**Task instructions**
Retype the entries below exactly, dropping the images.

**Given data**
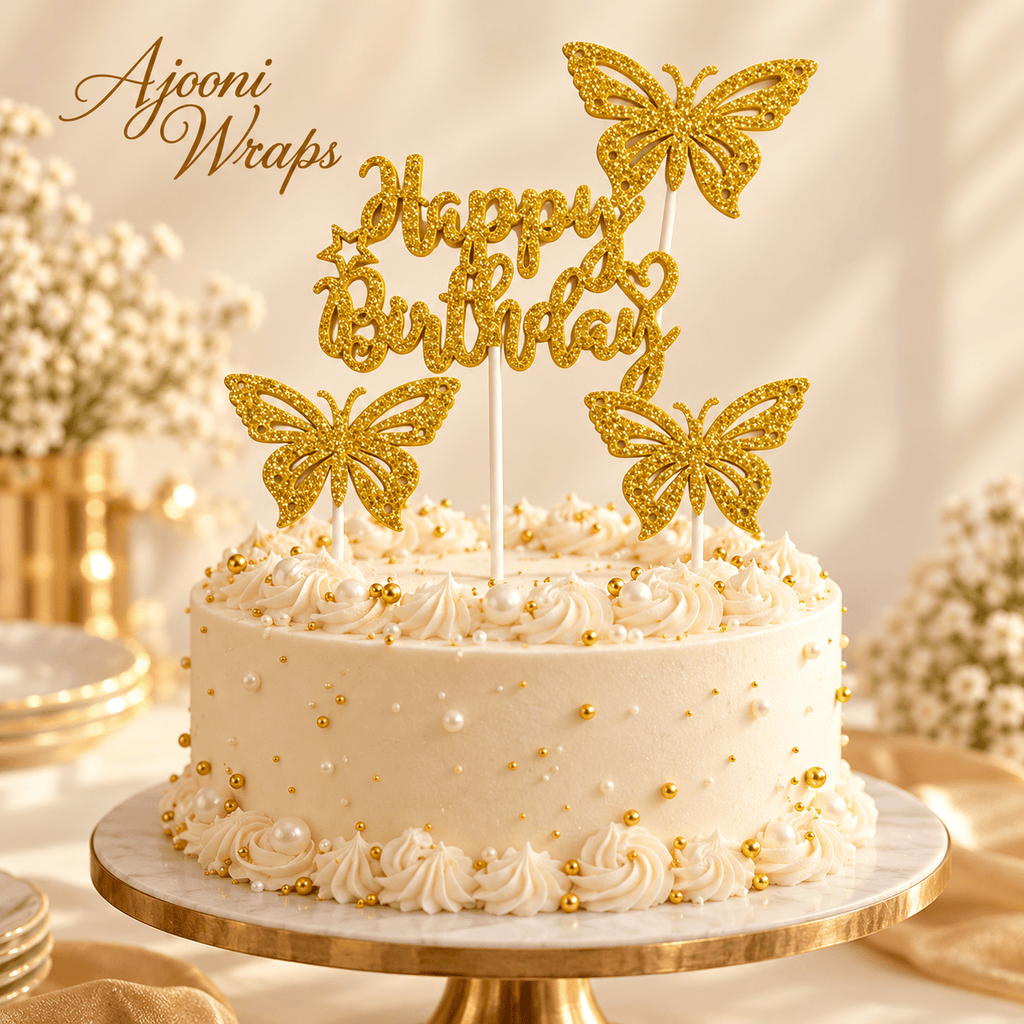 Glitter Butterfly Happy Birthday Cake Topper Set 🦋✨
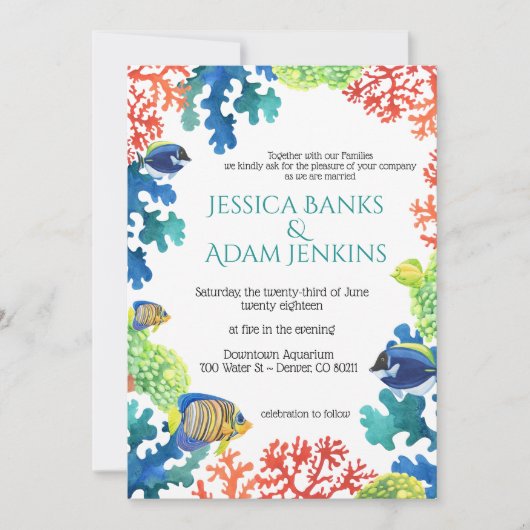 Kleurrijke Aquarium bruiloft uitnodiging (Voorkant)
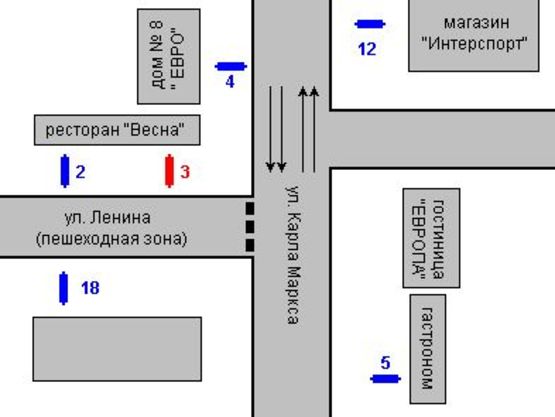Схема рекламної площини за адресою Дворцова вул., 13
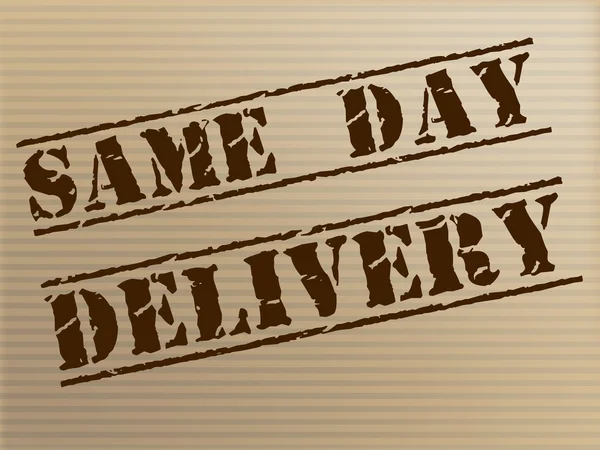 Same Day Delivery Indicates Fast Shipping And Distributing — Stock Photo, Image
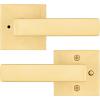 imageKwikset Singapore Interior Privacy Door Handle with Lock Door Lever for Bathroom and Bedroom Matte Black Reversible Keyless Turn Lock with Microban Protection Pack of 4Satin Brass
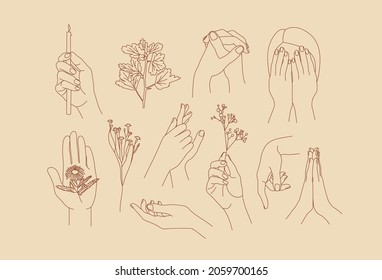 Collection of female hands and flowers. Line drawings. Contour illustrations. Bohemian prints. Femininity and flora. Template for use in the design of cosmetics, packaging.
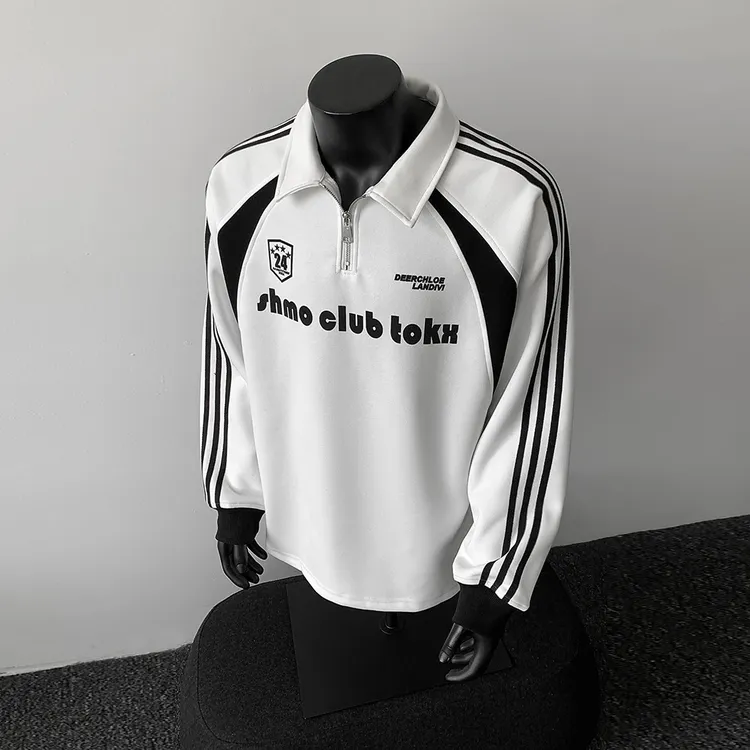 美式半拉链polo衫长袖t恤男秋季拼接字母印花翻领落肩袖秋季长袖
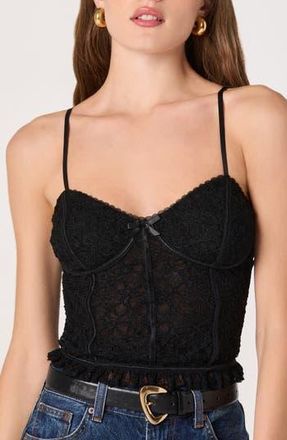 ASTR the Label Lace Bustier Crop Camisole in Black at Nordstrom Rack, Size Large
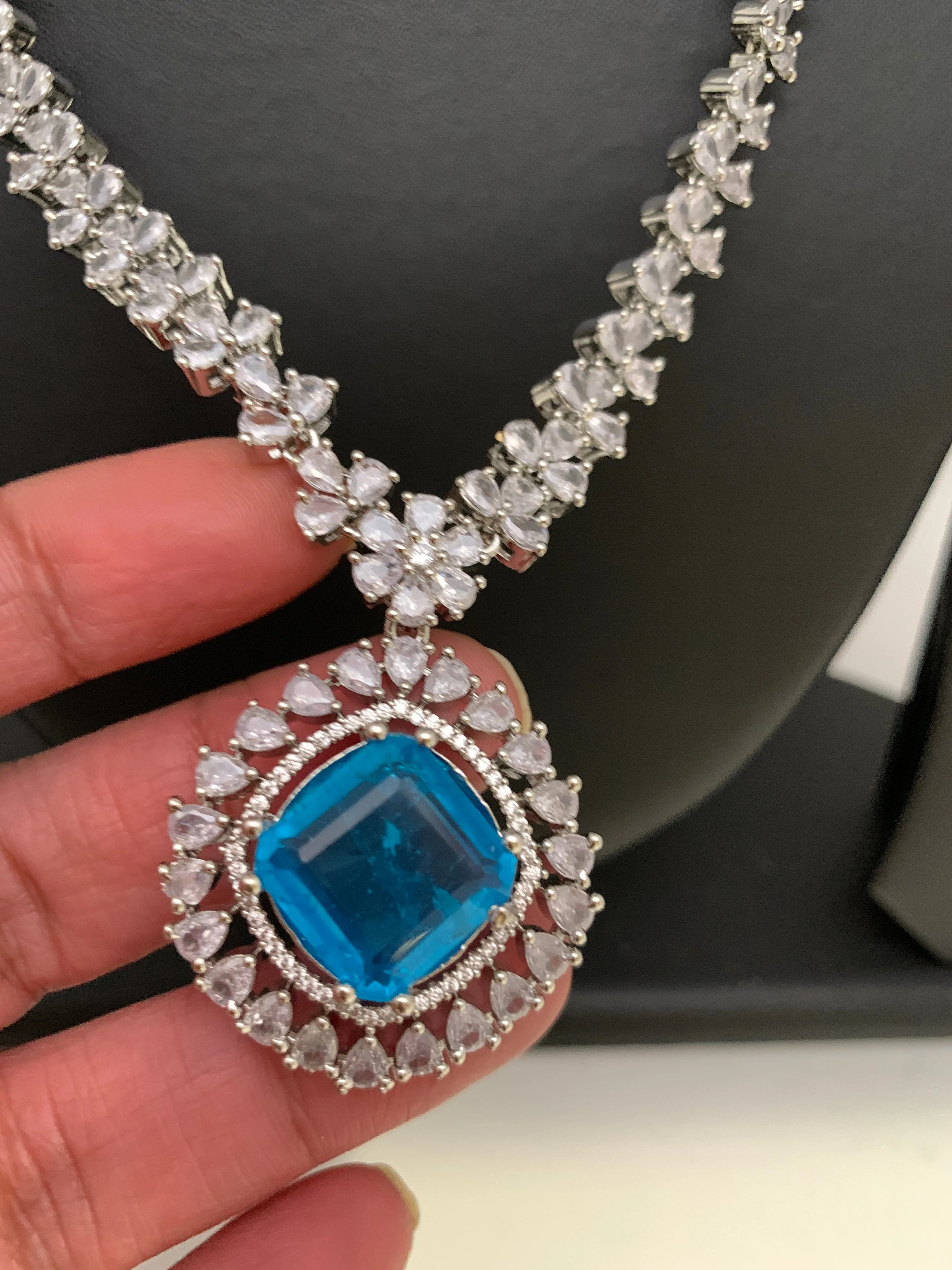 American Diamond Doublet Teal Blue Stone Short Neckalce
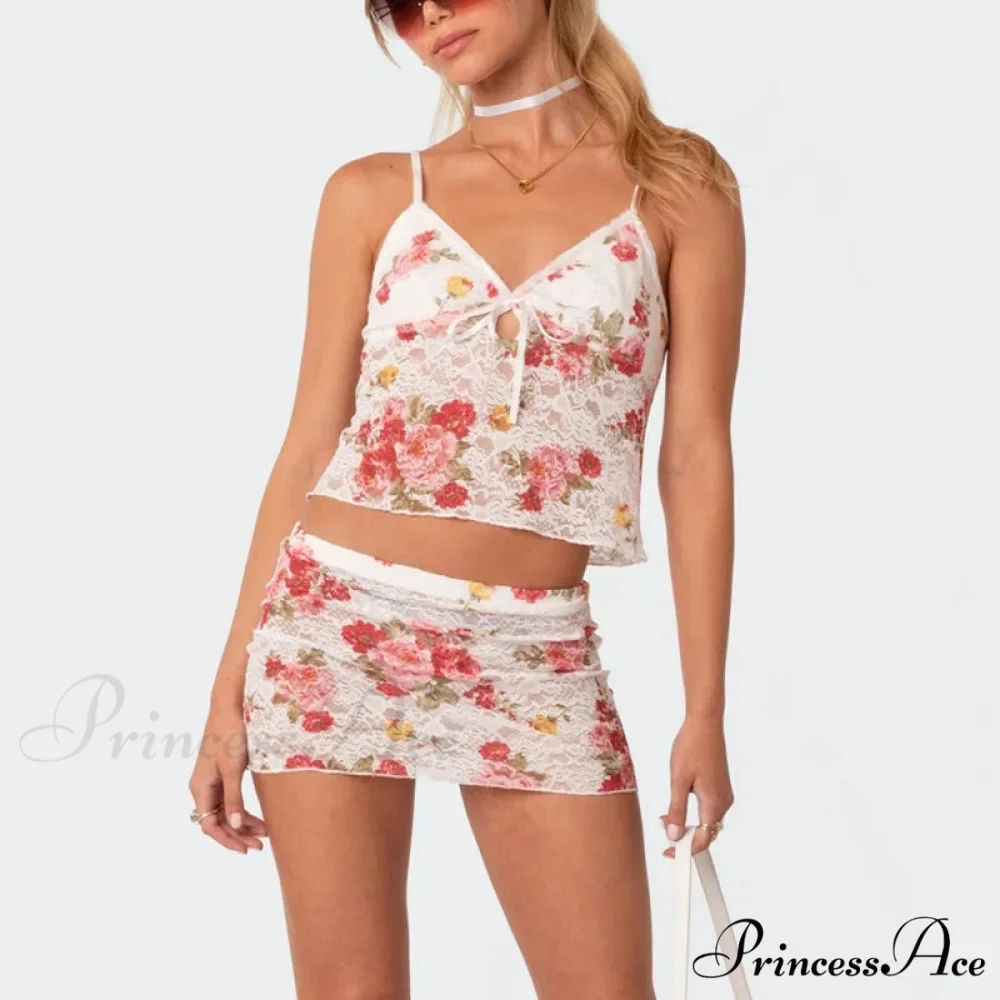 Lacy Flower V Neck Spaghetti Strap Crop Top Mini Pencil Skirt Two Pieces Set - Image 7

**Task result**
 Glitter Butterfly Happy Birthday Cake Topper Set 🦋✨
 Kleurrijke Aquarium bruiloft uitnodiging (Voorkant)
Схема рекламної площини за адресою Дворцова вул., 13
 Same Day Delivery Indicates Fast Shipping And Distributing — Stock Photo, Image
 imageKwikset Singapore Interior Privacy Door Handle with Lock Door Lever for Bathroom and Bedroom Matte Black Reversible Keyless Turn Lock with Microban Protection Pack of 4Satin Brass
 Collection of female hands and flowers. Line drawings. Contour illustrations. Bohemian prints. Femininity and flora. Template for use in the design of cosmetics, packaging.
 美式半拉链polo衫长袖t恤男秋季拼接字母印花翻领落肩袖秋季长袖
 ASTR the Label Lace Bustier Crop Camisole in Black at Nordstrom Rack, Size Large
 American Diamond Doublet Teal Blue Stone Short Neckalce
 Lacy Flower V Neck Spaghetti Strap Crop Top Mini Pencil Skirt Two Pieces Set - Image 7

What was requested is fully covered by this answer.